Small wonder that Black poets have heralded it. Gumbs is part of a lineage of Black writers — particularly Black feminist writers — moved by this leafy green.
Green is the color of women’s work
In 1974, the late Lucille Clifton published “cutting greens” in her collection, An Ordinary Woman. It represents the most common depiction of collards in verse: a way of discussing women’s labor. The first-person narrator chops collards and kale. She’s automatically preparing the leaves; she’s done it enough that this mundane culinary act allows her to think of “everything but kinship” and, perhaps, caring for others. Her kitchen is a space for imagining.
More contemporary writers have also explored gender dynamics and maternity through the collard. In “Harriette Winslow and Aunt Rachel Clean Collard Greens on Prime Time Television,” Alabama poet Ashley Jones observes the matriarch on 1990s sitcom Family Matters and her own mother cooking the greens:
… a kitchen
is sweetened when collards are cooking, the air a
swelling porkfat perfume, the onion’s pungent terror
nulled by the ribboned greens — I loved to watch my mother cut them,
roll the piles of flat foliage up like a cigar, the kitchen
knife shining against a tight army of collards.
We needed no superheroes when we had her …
In “Lessons,” Jacqueline Woodson’s “Mama” recalls her own mother’s attempt to teach her and a sister how to make collards and potato salad while male siblings were left to frolic. The girls stage a quiet household revolution to be as free as the boys, who purloined buckets of peaches from a neighbor’s tree and refused to share.
The peculiar rise of the “collard crime”
Before these women poets, collard references also appeared in racist limericks and doggerel. Just as the watermelon became a vehicle for stereotype, the collard green and its association with Black Southerners inspired racist creativity. The vegetable was conscripted to become an agricultural accessory to the national and Jim Crow project: the denigration and subjugation of Black Americans.
Circumstance, season, age and race made all the difference. For some people, collards were abundance; for others, subsistence food. It was the 1890s, and not everyone could go to the fair — or the same one. As Jim Crow laws swept the South, many states hosted separate “Colored State Fairs” or opted for a single fair that was theoretically for all but hosted a “colored day” when only African Americans could attend. And not everyone could sing the praises of fried chicken and collard greens without facing jeers.
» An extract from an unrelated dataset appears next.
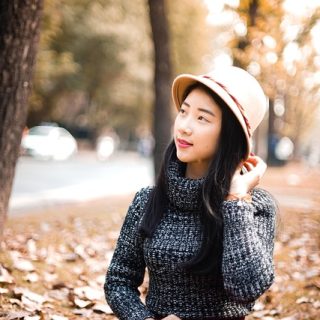 piedra de bomboná, piedra de bolívar, dónde queda la piedra de bomboná, piedra de bolívar en nariño, bomboná nariño, consacá nariño, batalla de bomboná, simón bolívar bomboná, piedra histórica de bolívar, piedra de bomboná ubicación, historia de bomboná, vereda bomboná, sitios históricos de nariño, lugares históricos de colombia, independencia de colombia nariño, bolívar en nariño, patrimonio histórico de bomboná, turismo histórico nariño, ruta de bolívar colombia, piedra de bolívar significado, historia regional de nariño, bomboná batalla histórica, sitio histórico bomboná, monumento histórico de nariño, piedra simbólica de bolívar, lugares donde estuvo bolívar, historia de la independencia en nariño, piedra de bomboná colombia, bomboná sitio histórico, piedra de bolívar bomboná, dónde se encuentra la piedra de bomboná, dónde queda la piedra de bolívar, ubicación de la piedra de bomboná, piedra de bolívar en nariño dónde está, qué es la piedra de bomboná, historia de la piedra de bolívar, dónde está bomboná nariño, vereda bomboná ubicación, batalla de bomboná dónde fue, simón bolívar estuvo en bomboná, sitios históricos de nariño, lugares históricos de bomboná, cómo llegar a la piedra de bomboná, piedra de bolívar visita, historia de bomboná nariño, importancia de la piedra de bolívar, turismo histórico en bomboná, patrimonio histórico de nariño, piedra de bolívar colombia historia, lugares donde pasó bolívar, ruta histórica de bolívar, qué pasó en la batalla de bomboná, piedra histórica de bomboná, bomboná batalla independencia, monumentos históricos de nariño, piedra de bolívar significado histórico, historia regional de nariño colombia, sitios de la independencia en nariño, bomboná historia batalla, piedra de bomboná legado,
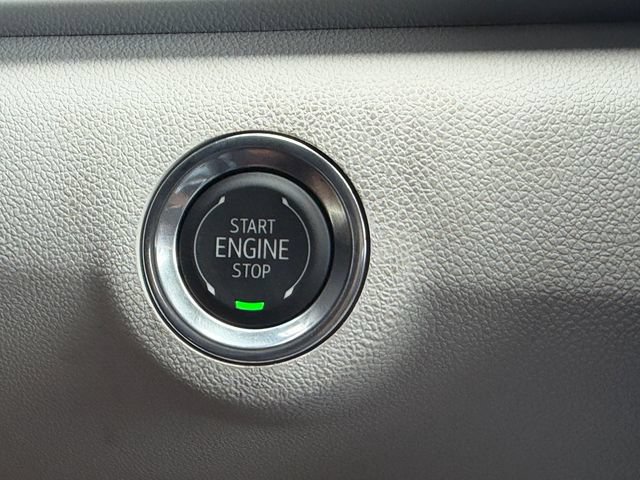 New 2027 GMC Terrain Denali AWD/4WD image 19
Black collard love, “collardphilia” if you will, was supposedly so strong, that those in its sway would pilfer gorgeous greens from others’ gardens. Media accounts suggested that collard spats frequently disrupted civil order, like when Atlantan Clara Mitchell’s “vengeful lawlessness” started a brawl when she cut down Bob Pounds’ winter collards in October 1897. But newspapers also contradicted themselves about the prevalence of collard crime: The Clarion-Ledger railed about a 1930 overnight collard theft in Jackson, Mississippi, saying “This hideous act is without precedent in this city!” It shook its editorial head at the presence of a “perverted and malicious vandal” in its midst. One can guess what a perverted and malicious vandal looked like in the Southern white imagination.
Such accounts of alleged collard crime often came with disdainful ditties. The Atlanta Constitution excelled at this kind of reportage in the early 20th century. An October 1900 roundup of police news recounted the appearance of one Mary James — “a dark brown tub queen,” likely a laundress — before a court recorder.
Mary had tossed rocks at her neighbors’ windows in the wee hours, aggravated that their chickens had razed her greens. The judge bemusedly noted that good fences make good neighbors and better crop protection. But before reporter Gordon Noel Hurtel described Mary James’ case in his “Police Roundup Pen Shots” column, there was this adaptation of another nursery rhyme: “Mary, Mary, quite contrary, How does your garden grow?”
“Mary” responds: De chickens scratch the collard patch
And the taters in de row.
The judge and newspaper writer shared a peculiarly condescending kind of Jim Crow jocularity. They snickered at a laundress, even as they likely employed one to iron their pants. Mary was fined $3.75 and admonished to “live up to the golden rule, and when other folks’ chickens eat your collards, rejoice in that your neighbor’s fowl are fat.”
Ridicule is all the more memorable when couched in rhyme. The message was clear: Mary was uncouth, uneducated, and incapable of pursuing more rational conflict resolution, characteristics that whites associated with Blackness. This was rhetorical violence at its best — via vegetable and verse.
Hurtel, the writer who mocked Mary, grew in influence, and ridiculous collard theft stories featuring Black Atlantans surfaced in his work again. Two years later, an October 1902 newspaper tidbit described a young man who worked at “one thing and den anudder” and was caught green-handed removing collards from a garden:
Hunter hungered for a mess
Of collards green and sweet.
A copper collared him and said
No cabbage on my beat.
Despite Hunter’s insistence that a friend promised he could pick the vegetables, his lack of stable employment counted against him. The judge told him that he’d get a steady diet of greens and steady work, too, during his 30-day stay at the county lockup.